Your format is fighting a couple of assumptions that genfromtxt
is making:
1) you have both comment lines and a header line (without # character)
2) your column names have spaces, which genfromtxt
insists on converting to _
(or some other valid character).
If I create a text file from your sample, and replace blanks with tabs (which is a pain, especially since my editors are set to replace tabs with spaces), this works:
In [330]: np.genfromtxt('stack29451030.txt',delimiter='\t',dtype=None,skip_header=3,names=True)
Out[330]:
array([(2, 8, 14, 748, 748, 748, 790), (2, 9, 22, 262, 245, 252, 328)],
dtype=[('p', '<i4'), ('q', '<i4'), ('r', '<i4'), ('y_1', '<i4'), ('y_2', '<i4'), ('y_3', '<i4'), ('y_4', '<i4')])
I played with replace_space=' '
. Looks like it only uses replacements that produce valid Python variable and attribute names. So 'y_1'
is fine, but not 'y 1
'. I don't see way around this using parameters.
comments
and names
don't cooperate in your case. It can skip the comment lines, but then will read the names line as data.
In [350]: np.genfromtxt('stack29451030.txt',delimiter='\t',dtype=None,comments='#')
Out[350]:
array([['p', 'q', 'r', 'y 1', 'y 2', 'y 3', 'y 4'],
['2', '8', '14', '748', '748', '748', '790'],
['2', '9', '22', '262', '245', '252', '328']],
dtype='|S3')
It can handle a names line like #p q r y1 y2 y3 y4
, ignoring the #, but then it doesn't skip the earlier comments lines. So if you could remove the comment lines, or the header line, it could read it. But with both it looks like you have to use something other than comments
.
This looks like the cleanest load - explicitly skip 1st 3 lines, accept the header line, and then use jedwards's
idea to replace the _
.
In [396]: A=np.genfromtxt('stack29451030.txt',delimiter='\t',dtype=None,skip_header=3,names=True)

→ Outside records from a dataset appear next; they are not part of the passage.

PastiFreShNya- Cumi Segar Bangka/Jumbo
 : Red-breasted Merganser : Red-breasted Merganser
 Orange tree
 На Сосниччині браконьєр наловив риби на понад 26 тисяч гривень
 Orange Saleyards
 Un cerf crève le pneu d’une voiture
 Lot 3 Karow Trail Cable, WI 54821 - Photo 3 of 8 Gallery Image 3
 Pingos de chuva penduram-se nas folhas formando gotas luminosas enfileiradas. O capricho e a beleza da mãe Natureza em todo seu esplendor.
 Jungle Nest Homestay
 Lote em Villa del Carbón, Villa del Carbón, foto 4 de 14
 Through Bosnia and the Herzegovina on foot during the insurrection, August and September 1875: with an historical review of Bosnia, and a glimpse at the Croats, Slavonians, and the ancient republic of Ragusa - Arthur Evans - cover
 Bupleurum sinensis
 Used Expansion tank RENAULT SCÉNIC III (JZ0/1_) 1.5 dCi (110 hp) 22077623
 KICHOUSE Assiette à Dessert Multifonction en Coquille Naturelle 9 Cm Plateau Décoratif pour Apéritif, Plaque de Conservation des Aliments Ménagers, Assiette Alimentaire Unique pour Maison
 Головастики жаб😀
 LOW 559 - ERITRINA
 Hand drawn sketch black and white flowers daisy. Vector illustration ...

In [397]: A.dtype.names = [n.replace('_', ' ') for n in A.dtype.names]
In [398]: A
Out[398]:
array([(2, 8, 14, 748, 748, 748, 790), (2, 9, 22, 262, 245, 252, 328)],
dtype=[('p', '<i4'), ('q', '<i4'), ('r', '<i4'), ('y 1', '<i4'), ('y 2', '<i4'), ('y 3', '<i4'), ('y 4', '<i4')])
If you don't know how many comment lines there are, this generator can filter them out:
with open('stack29451030.txt') as f:
g = (line for line in f if not line.startswith('#'))
A = np.genfromtxt(g, delimiter='\t', names=True, dtype=None)
genfromtxt
accepts input from any iterable, whether a file, a list of lines, or a generator like this.